Ozone (O3) pollution in China is increasing. It is the primary pollutant in summer and ambient O3 can lead to serious health problems for the public. Therefore, characterizing the spatiotemporal distribution of O3 is required for better environmental management and human exposure assessment. Statistical models, especially those based on machine learning, can be more convenient to use than chemical transport models and have shown improved accuracy. However, the quality of data affects model precision especially at fine spatiotemporal scales. Web-based environmental data can improve the spatial and temporal resolution of modeling data. This study applied high spatiotemporal resolution source information and emission inventories based on point of interest and real-time traffic data in a fine scale grid network to predict the O3 concentrations and assess the human exposure within Chengdu, China.
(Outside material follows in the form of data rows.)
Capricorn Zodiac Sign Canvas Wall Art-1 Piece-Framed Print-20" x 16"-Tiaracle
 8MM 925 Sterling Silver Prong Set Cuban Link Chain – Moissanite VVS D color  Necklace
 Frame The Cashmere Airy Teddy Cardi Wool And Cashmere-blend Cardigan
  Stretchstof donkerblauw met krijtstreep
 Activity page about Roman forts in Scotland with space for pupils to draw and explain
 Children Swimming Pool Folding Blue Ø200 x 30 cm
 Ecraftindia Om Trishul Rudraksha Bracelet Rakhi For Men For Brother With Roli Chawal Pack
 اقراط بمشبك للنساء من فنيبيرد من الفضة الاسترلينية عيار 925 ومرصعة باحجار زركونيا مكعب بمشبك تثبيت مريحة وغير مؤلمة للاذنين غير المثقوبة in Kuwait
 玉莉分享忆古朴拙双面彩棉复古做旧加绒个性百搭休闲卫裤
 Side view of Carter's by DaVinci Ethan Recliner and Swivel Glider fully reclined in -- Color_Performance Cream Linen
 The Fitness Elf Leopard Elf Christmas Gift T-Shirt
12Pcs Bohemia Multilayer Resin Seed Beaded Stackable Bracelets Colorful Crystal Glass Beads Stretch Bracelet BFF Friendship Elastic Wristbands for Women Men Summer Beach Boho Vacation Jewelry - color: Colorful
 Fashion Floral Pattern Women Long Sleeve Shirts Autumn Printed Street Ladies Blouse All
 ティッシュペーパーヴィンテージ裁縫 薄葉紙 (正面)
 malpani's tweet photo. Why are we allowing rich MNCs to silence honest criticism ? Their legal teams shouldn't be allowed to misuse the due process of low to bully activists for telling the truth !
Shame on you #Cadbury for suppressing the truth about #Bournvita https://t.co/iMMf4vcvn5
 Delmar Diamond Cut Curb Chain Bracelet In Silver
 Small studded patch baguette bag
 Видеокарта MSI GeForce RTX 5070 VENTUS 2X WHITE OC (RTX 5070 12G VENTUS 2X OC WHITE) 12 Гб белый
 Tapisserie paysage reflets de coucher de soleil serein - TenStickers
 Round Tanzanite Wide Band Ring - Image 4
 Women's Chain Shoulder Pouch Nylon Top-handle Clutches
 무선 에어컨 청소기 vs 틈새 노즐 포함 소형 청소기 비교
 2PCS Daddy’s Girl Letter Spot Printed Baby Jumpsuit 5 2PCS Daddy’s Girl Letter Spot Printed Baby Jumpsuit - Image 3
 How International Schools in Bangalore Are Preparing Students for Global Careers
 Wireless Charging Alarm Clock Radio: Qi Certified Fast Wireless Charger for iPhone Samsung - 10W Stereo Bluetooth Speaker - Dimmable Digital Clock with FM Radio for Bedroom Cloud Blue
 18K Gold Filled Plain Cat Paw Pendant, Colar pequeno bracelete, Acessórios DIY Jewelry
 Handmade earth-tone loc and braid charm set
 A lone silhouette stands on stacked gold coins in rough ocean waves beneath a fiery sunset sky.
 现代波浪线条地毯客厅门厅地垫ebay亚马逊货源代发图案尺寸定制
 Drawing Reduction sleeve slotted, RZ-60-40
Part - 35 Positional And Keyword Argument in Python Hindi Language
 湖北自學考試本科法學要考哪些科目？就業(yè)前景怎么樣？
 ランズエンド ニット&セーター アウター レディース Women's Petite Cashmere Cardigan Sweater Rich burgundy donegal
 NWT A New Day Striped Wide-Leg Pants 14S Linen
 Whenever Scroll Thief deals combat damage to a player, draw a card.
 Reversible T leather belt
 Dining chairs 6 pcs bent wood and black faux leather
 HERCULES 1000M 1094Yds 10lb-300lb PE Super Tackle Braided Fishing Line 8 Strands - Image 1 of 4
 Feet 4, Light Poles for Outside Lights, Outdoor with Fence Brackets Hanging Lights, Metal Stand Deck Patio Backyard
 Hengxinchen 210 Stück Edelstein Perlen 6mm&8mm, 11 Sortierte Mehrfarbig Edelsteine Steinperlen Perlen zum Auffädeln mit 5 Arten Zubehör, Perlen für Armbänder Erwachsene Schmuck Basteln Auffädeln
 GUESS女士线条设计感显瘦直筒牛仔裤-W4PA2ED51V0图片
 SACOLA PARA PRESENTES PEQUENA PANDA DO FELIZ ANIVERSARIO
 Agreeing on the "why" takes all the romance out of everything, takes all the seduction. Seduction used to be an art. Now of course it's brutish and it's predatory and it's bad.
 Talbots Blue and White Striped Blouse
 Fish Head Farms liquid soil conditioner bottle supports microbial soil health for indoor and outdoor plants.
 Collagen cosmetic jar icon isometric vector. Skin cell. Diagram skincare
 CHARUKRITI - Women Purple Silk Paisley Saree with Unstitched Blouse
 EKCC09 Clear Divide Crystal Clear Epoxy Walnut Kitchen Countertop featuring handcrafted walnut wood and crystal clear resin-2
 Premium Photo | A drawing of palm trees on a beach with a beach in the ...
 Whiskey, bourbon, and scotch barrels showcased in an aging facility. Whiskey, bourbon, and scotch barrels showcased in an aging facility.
The results showed that the web-based environmental data could be combined with statistical models such as random forest in air quality modeling. The model precision was high, especially at finer spatiotemporal scales. The R2 of the hourly and daily maximum 8-h mean concentrations of O3 models built in this study were 0.83 and 0.91 for sample-based cross-validation, and 0.79 and 0.90 for site-based cross-validation, respectively. Meteorological variables had the greatest impact on O3 concentrations especially sea-level pressure, temperature, vapor pressure, and humidity. People within the research area had a relatively high exposure level to pollutants over a longer time scale in the summer and spring. Findings from this work provide a good reference for related research on modeling air quality, and human health risk assessment using environmental big data.